August 30, 2017
Volume 15, issue 4

Download PDF version of this article PDF

Cache Me If You Can

Building a decentralized web-delivery model

Jacob Loveless

Years ago I squandered most of my summer break locked inside my apartment, tackling an obscure problem in network theory (the bidirectional channel capacity problem). I was convinced that I was close to a breakthrough. (I wasn't.) Papers were everywhere, intermingled with the remnants of far too many 10¢ Taco Tuesday wrappers.

A good friend stopped by to bring better food, lend a mathematical hand, and put an end to my solitary madness. She listened carefully while I jumped across the room grabbing papers and incoherently babbling about my "breakthrough."

Then she somberly grabbed a pen and wrote out the flaw that I had missed, obliterating the proof.

I was stunned and heartbroken. She looked up and said, "But this is great, because what you've done here is define the problem more concretely." She continued with a simple truth that I've carried with me ever since:

"Most times, defining the problem is harder and more valuable than finding the answer.

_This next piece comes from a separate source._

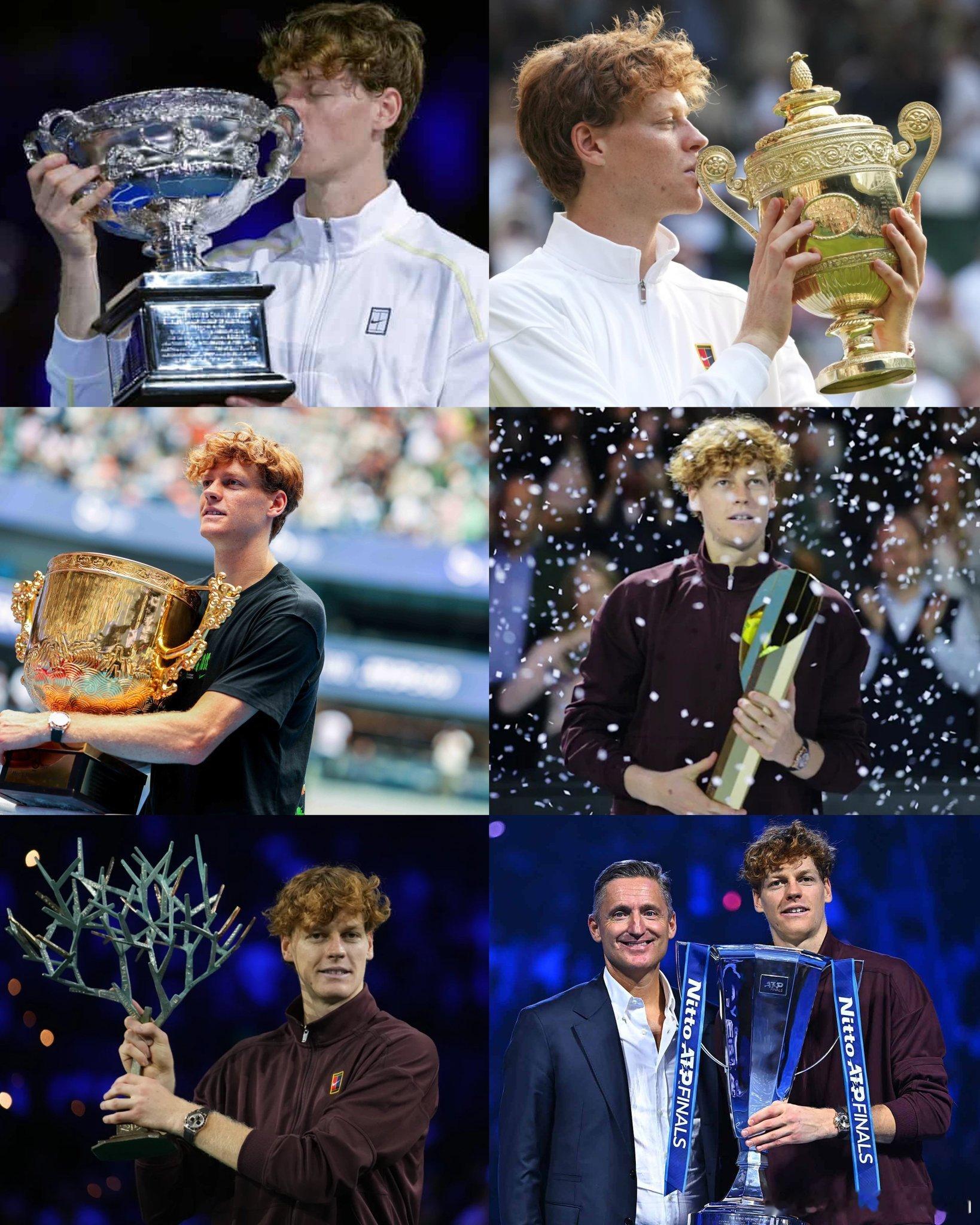 辛纳本赛季虽被禁赛3个月，但是仍然以优异、稳定的发挥领跑ATP，参赛效率极高。✅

The world needs hard, well-defined problems. Generally, only one or two people work together on an answer—but hundreds work on a well-defined problem."

And so, dear reader, this is where I would like to begin. Unlike most articles in acmqueue, this one isn't about a new technique or an exposition on a practitioner's solution. Instead, this article looks at the problems inherent in building a more decentralized Internet. Audacious? Yes, but this has become a renewed focus in recent years, even by the father of the Web himself (see Tim Berners-Lee's Solid project⁴). Several companies and open-source projects are now focusing on different aspects of the "content-delivery" problem. Our company Edgemesh (https://edgemesh.com) is working on peer-enhanced client-side content acceleration, alongside other next-generation content-delivery networks such as Peer5 (https://peer5.com) and Streamroot (https://streamroot.io), both of which are focused on video delivery. Others, such as the open-source IPFS (InterPlanetary File System; https://ipfs.io) project are looking at completely new ways of defining and distributing and defining "the web."

Indeed, the concept of a better Internet has crept into popular media. In season 4 of HBO's sitcom Silicon Valley, the protagonist Richard Hendricks devises a new way to distribute content across the Internet in a completely distributed manner using a P2P (peer-to-peer) protocol. "If we could do it, we could build a completely decentralized version of our current Internet," Hendricks says, "with no firewalls, no tolls, no government regulation, no spying. Information would be totally free in every sense of the word." The story line revolves around the idea that thousands of users would allocate a small portion of their available storage on their mobile devices, and that the Pied Piper software would assemble the storage across these devices in a distributed storage "cloud." Then, of course, phones explode and hilarity ensues.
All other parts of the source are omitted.